The Australian Maritime Safety Authority (AMSA) said “a number of objects” had been retrieved from the sea by a Chinese and Australian vessel.

A spokesman for AMSA said they were not “confirmed to be related to MH370” and would be analysed.

Eight aircraft and a fleet of boats scoured an area of ocean larger than the United Kingdom on Saturday, reporting several sightings.

The search has stopped for the day and will resume on Sunday morning.

China’s state news agency said a Chinese military aircraft had spotted three objects floating in the sea from an altitude of 300 metres.

They were coloured white, red and orange respectively, a statement on Saturday morning said.

The sighting followed reports of “multiple objects of various colours” by international flight crews on Friday.

Despite numerous possible wreckage sightings, nothing has yet been confirmed as part of the aircraft that disappeared on 8 March on its way from Kuala Lumpur to Beijing.

239 passengers and crew are presumed dead

The search is becoming increasingly urgent as batteries showing the location of in-flight voice recordings run out.

Authorities must find debris, calculate the crash area and recover the black boxes in about a week or vital clues to why the plane crashed will be lost.

Chinese ships trawled a new area on Saturday after Australian authorities moved the search 685 miles north in line with new analysis of radar and satellite data.

It showed the plane travelled faster and for a shorter distance than previously thought after vanishing from civilian radar screens.

AMSA cautioned that some items seen looked like they were from fishing boats and nothing could be confirmed until they were recovered by ships.

“We're hopeful to relocate some of the objects we were seeing yesterday,” Squadron Leader Flight Lieutenant Leon Fox, from the Royal New Zealand Air Force, said.

“Hopefully some of the ships in the area will be able to start picking it up and give us an indication of what we were seeing.”

The Chinese navy vessel Jinggangshan, which carries two helicopters, reached the new search area early on Saturday where it was expected to focus on searching for plane surfaces, oil slicks and life jackets in a sea area of some 6,900 sq km.

Another four Chinese vessels and one from Australia were on the way but would not arrive until late in the day.

Malaysia authorities said the Boeing 777, which vanished less than an hour into its flight, was probably diverted deliberately but no apparent motives have been found in investigations into anyone on board.

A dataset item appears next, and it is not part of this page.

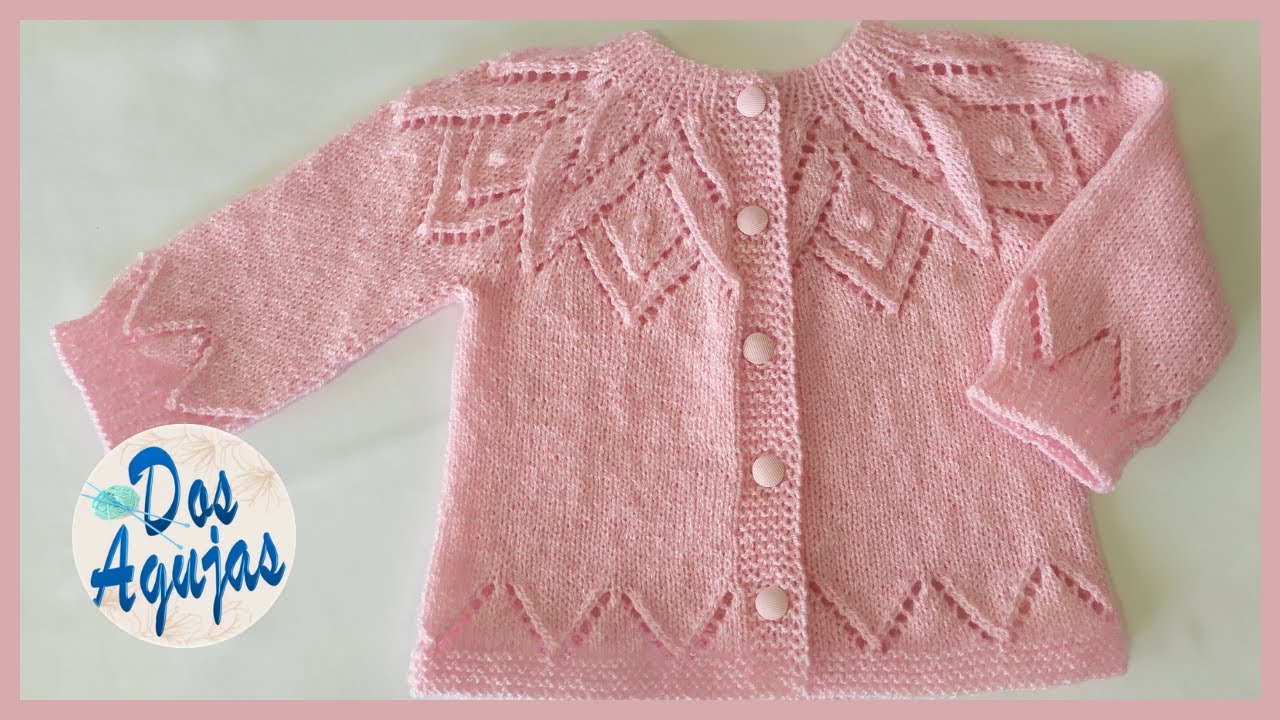 COMO HACER CARDIGAN FLORATA PARA 1 AÑO EN DOS AGUJAS PASO A PASO PARTE 1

US officials close to the investigation said the FBI found nothing illuminating in data it had received from computer equipment used by MH370's pilots, including a home-made flight simulator.

The search has involved more than 24 countries and 60 aircraft and ships but has been hampered by regional rivalries and an apparent reluctance to share potentially crucial information due to security concerns.

Two Malaysian military aircraft that arrived in Perth on Saturday are expected to join the search.